DATASET RECORDS Block Start

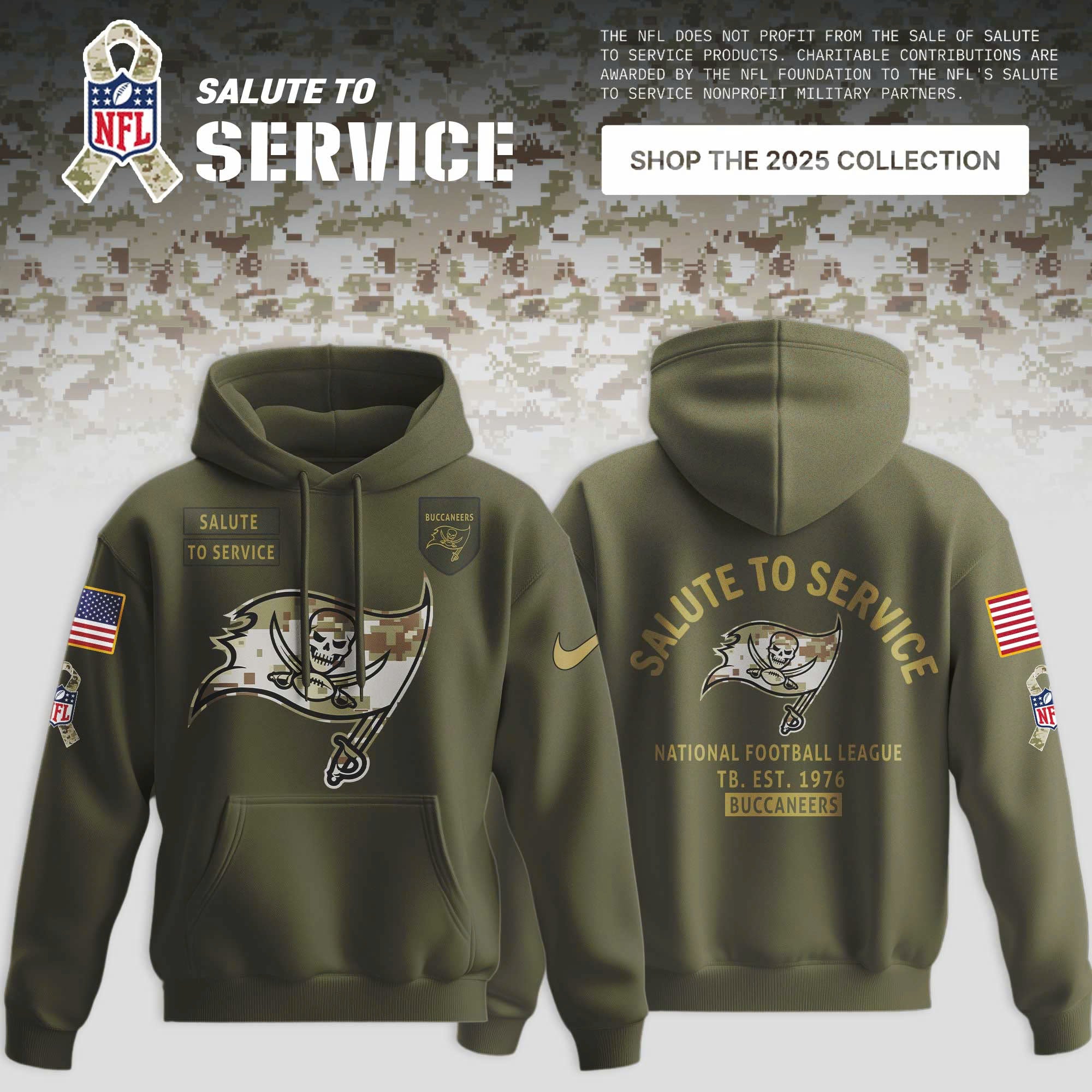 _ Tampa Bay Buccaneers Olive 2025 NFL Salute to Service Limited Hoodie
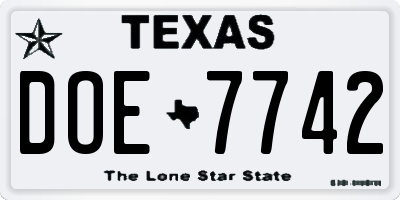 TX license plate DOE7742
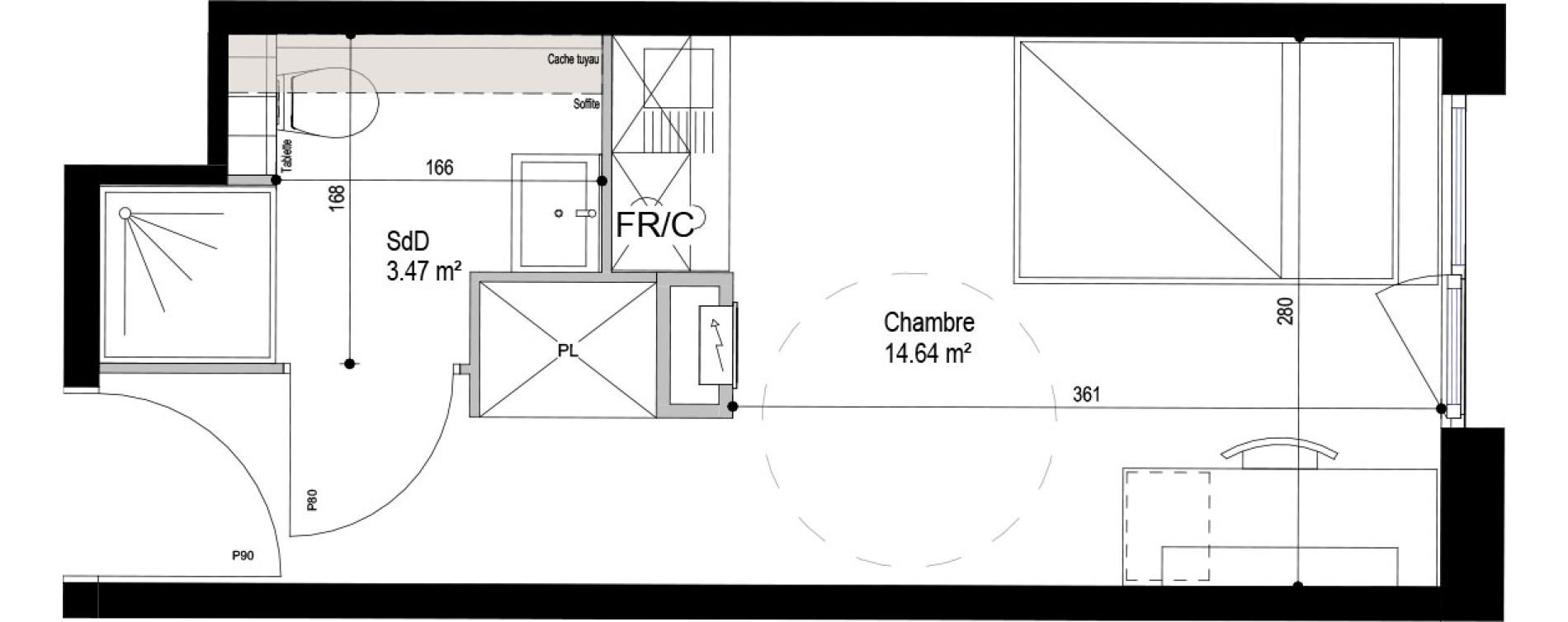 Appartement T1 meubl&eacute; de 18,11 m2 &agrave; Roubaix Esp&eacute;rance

DATASET RECORDS Block End
DATASET RECORDS Block Start

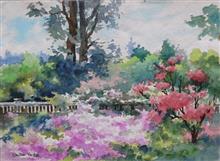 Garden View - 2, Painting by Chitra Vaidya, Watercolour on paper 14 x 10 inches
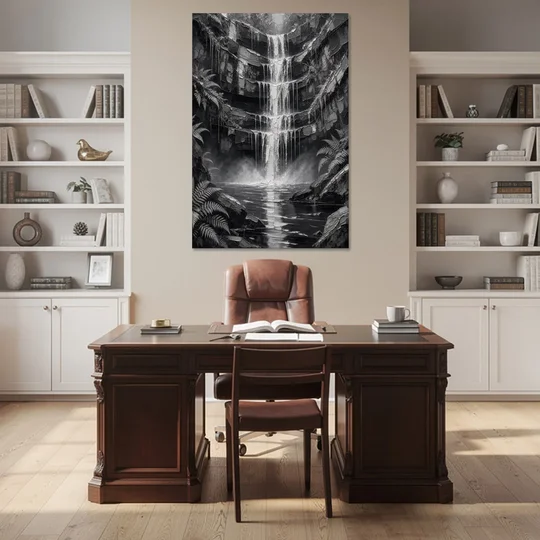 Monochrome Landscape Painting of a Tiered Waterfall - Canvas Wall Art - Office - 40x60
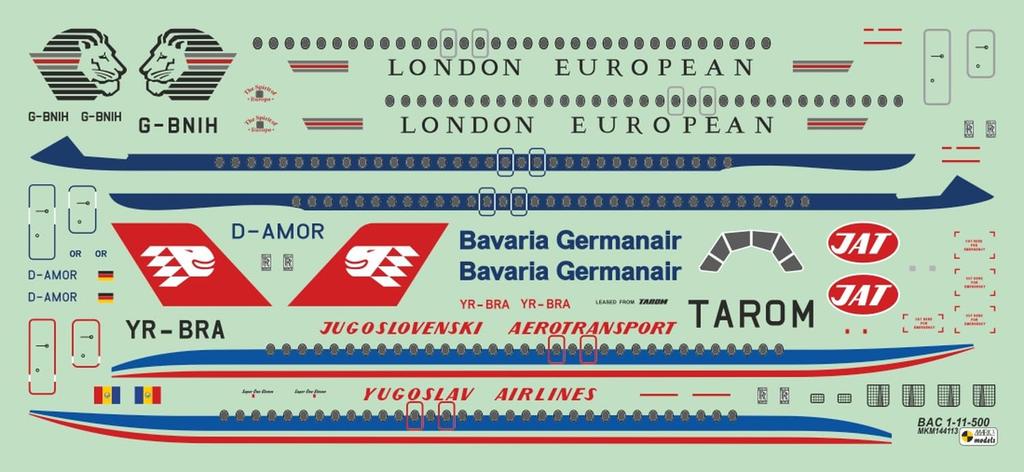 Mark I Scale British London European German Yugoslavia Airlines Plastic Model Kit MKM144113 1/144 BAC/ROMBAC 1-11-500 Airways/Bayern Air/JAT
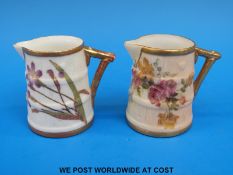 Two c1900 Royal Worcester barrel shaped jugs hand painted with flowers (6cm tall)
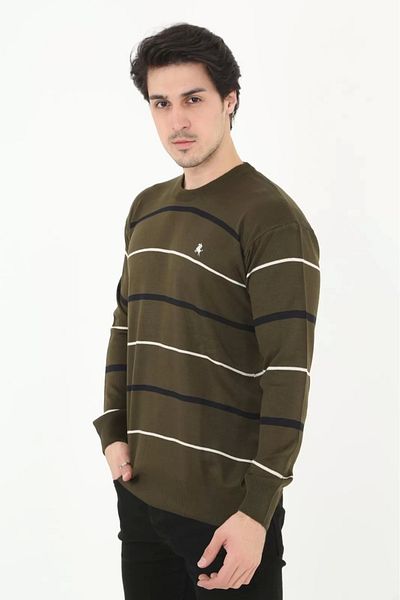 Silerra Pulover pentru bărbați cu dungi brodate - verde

DATASET RECORDS Block End
DATASET RECORDS Block Start

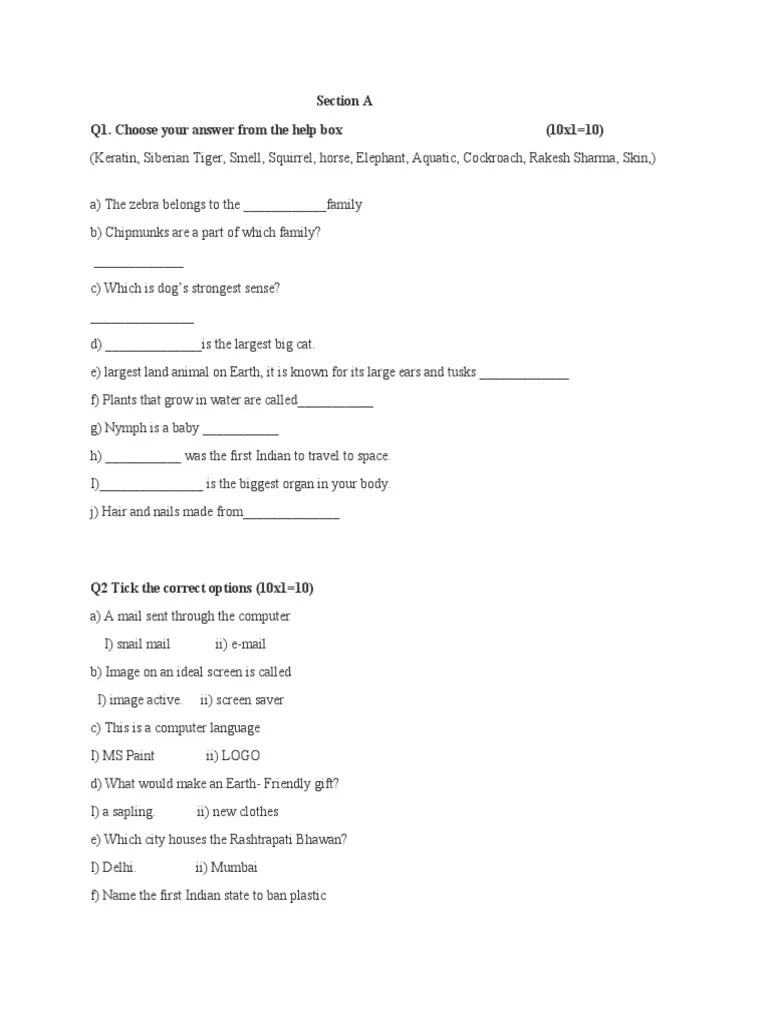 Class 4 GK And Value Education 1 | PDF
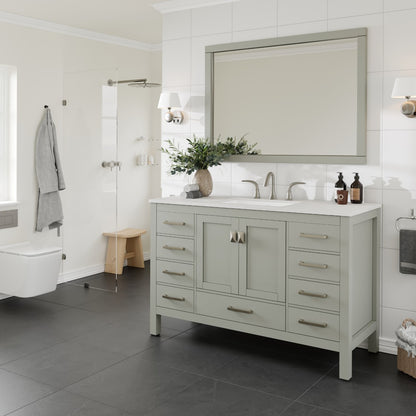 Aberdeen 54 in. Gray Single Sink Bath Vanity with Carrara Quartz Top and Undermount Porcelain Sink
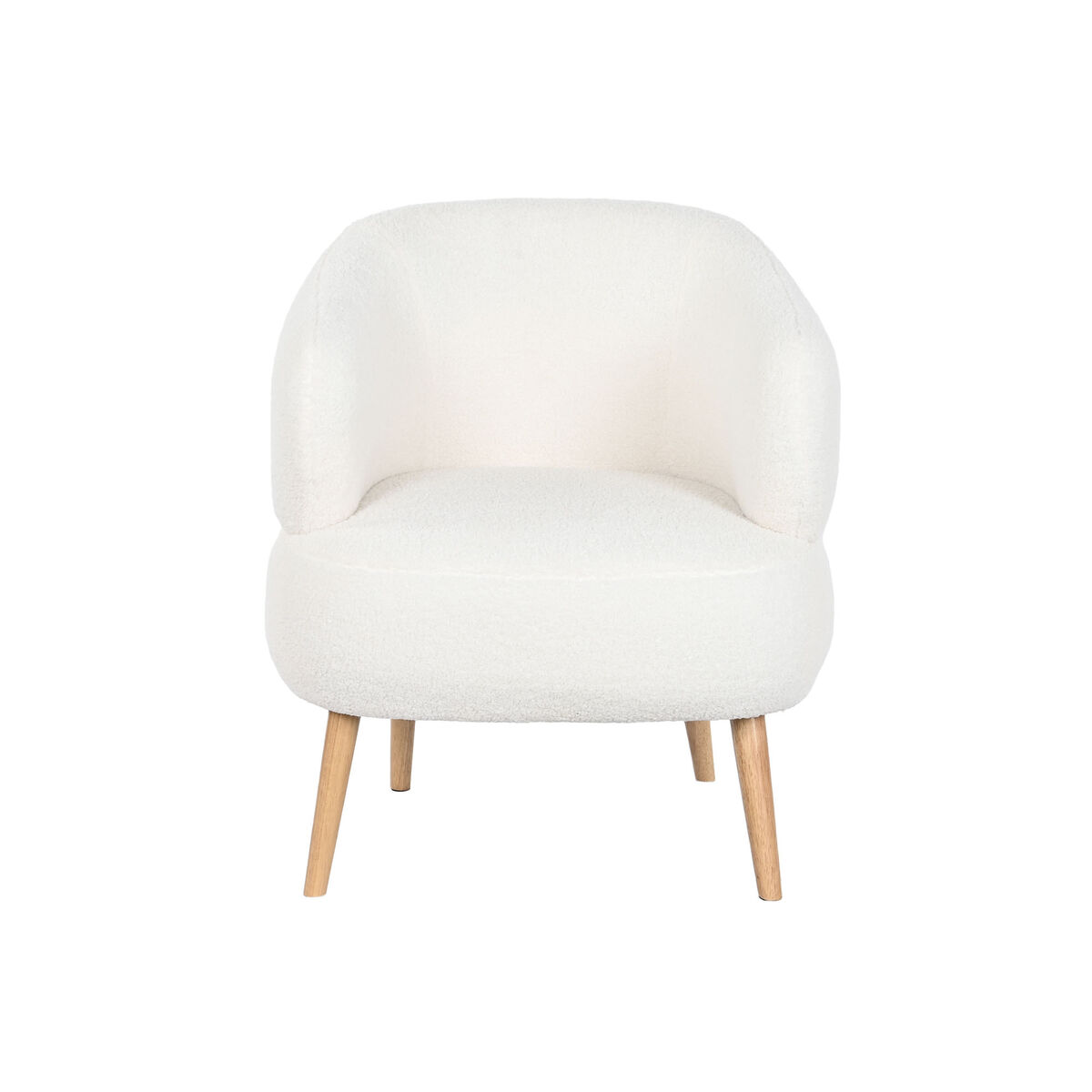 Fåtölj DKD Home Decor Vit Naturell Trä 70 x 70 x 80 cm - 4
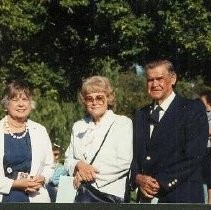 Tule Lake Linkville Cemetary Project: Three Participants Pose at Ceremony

DATASET RECORDS Block End

> **DIRECTIONS FOR THIS TASK**
Write out word for word the lines above that run from the one with "Monochrome Landscape Painting" to the one with "Silerra Pulover pentru". Include both end lines; exclude the images.

> **SOLVED PROBLEM**
 Monochrome Landscape Painting of a Tiered Waterfall - Canvas Wall Art - Office - 40x60
 Mark I Scale British London European German Yugoslavia Airlines Plastic Model Kit MKM144113 1/144 BAC/ROMBAC 1-11-500 Airways/Bayern Air/JAT
 Two c1900 Royal Worcester barrel shaped jugs hand painted with flowers (6cm tall)
 Silerra Pulover pentru bărbați cu dungi brodate - verde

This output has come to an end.